This undated photo released by the Keegan family shows Marina Keegan, of Wayland, Mass., on the Yale University campus in New Haven, Conn. Marina, who graduated from Yale less than a week earlier, died at the scene of an automobile crash in Dennis, Mass., Saturday, May 26, 2012. Her writing had been published in The New York Times, and she had accepted a job at The New Yorker. Her final Yale Daily News column was widely shared on social media, where she had implored her classmates to "make something happen to this world." (AP Photo/Keegan Family)
The Economist, May 17, 2014:
New fiction and essays
Tangible traces
A stirring debut—and denouement
The Opposite of Loneliness.By Marina Keegan.Simon and Schuster; 208 pages; $23. Buy from Amazon.com, Amazon.co.uk
ESSAYISTS write most convincingly about what they know. In “The Opposite of Loneliness” Marina Keegan writes movingly both about what she knows, and about what she will never get to know. In 2012 Ms Keegan was killed in a car accident five days after she graduated from Yale. She was 22. The lyrical Anne Fadiman, her former professor and author of “Ex Libris”, has gathered and edited her short stories and essays into a poignant posthumous publication.
Ms Keegan takes on the meaningful and mundane with wit and grace. Her words alternatively swagger and tiptoe. She writes about her car, whose interior underwent “the vehicular equivalent of a midlife crisis”, devolving from dignified to disastrously disorganised. Her essay about coeliac disease, the food allergy that kept her from devouring every delicious “collapsible calorie”, is a deft portrayal of children’s failure to appreciate parents’ passion for protecting them.

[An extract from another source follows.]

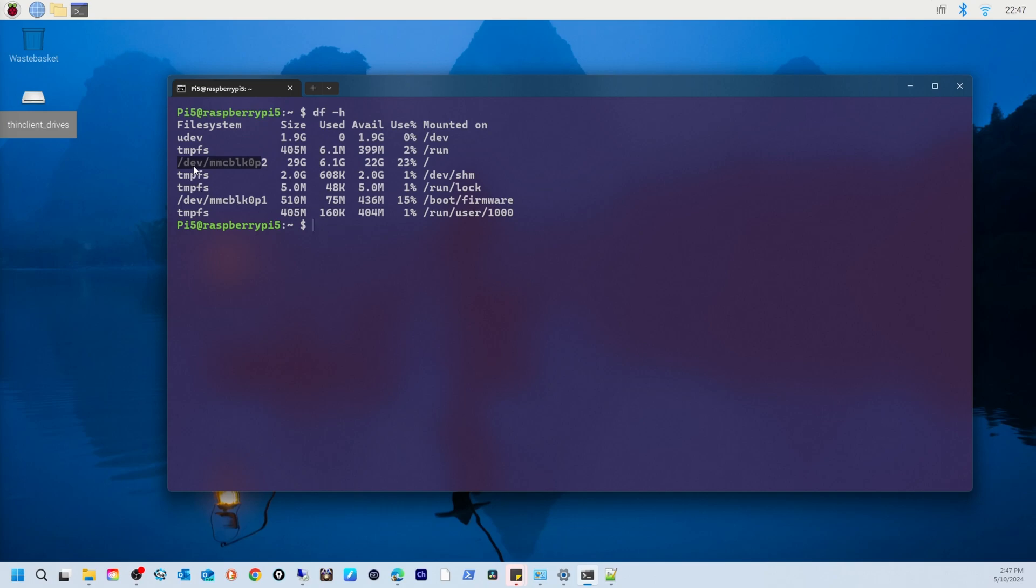After that is use percentage - the percentage of used space on each file system. Notice that mmcblk0p2 is 23% full, meaning nearly a quarter of the space is being used.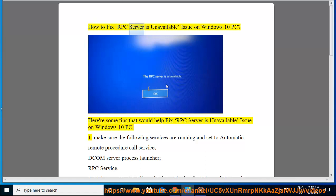How to fix RPC server is unavailable issue on Windows 10 PC. Here are some tips that would help fix RPC server is unavailable issue on Windows 10 PC.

Her short stories are taut and layered. The best, “Cold Pastoral”, is narrated by a young woman, who is asked to eulogise her sort-of-boyfriend after he abruptly dies. It chillingly explores how losing someone elevates them in one’s memory.
Ms Keegan’s work will touch a special chord with readers who recently attended university or watched their children navigate its shores. She captures the sense of community that people feel there when she describes it as the “opposite of loneliness”. She rails against financial firms for picking off so many of her peers. By graduation a quarter of her classmates had signed up with consultancies and banks, opting for an easy recruiting process and lucrative salary instead of retaining their commitment to creativity and social impact. In 2011 she published a version of this impassioned appeal in the New York Times.
Reading this book is both heartbreaking and entertaining. It reveals a woman who tried to balance expectations of greatness with anxieties about falling short. In an essay, “Song for the Special”, she confesses that she grew up thinking she would change the world. But she comes to recognise how much competition there is to living a life with consequence. Unflappable, Ms Keegan still hoped for the endurance of her “own tangible trace”.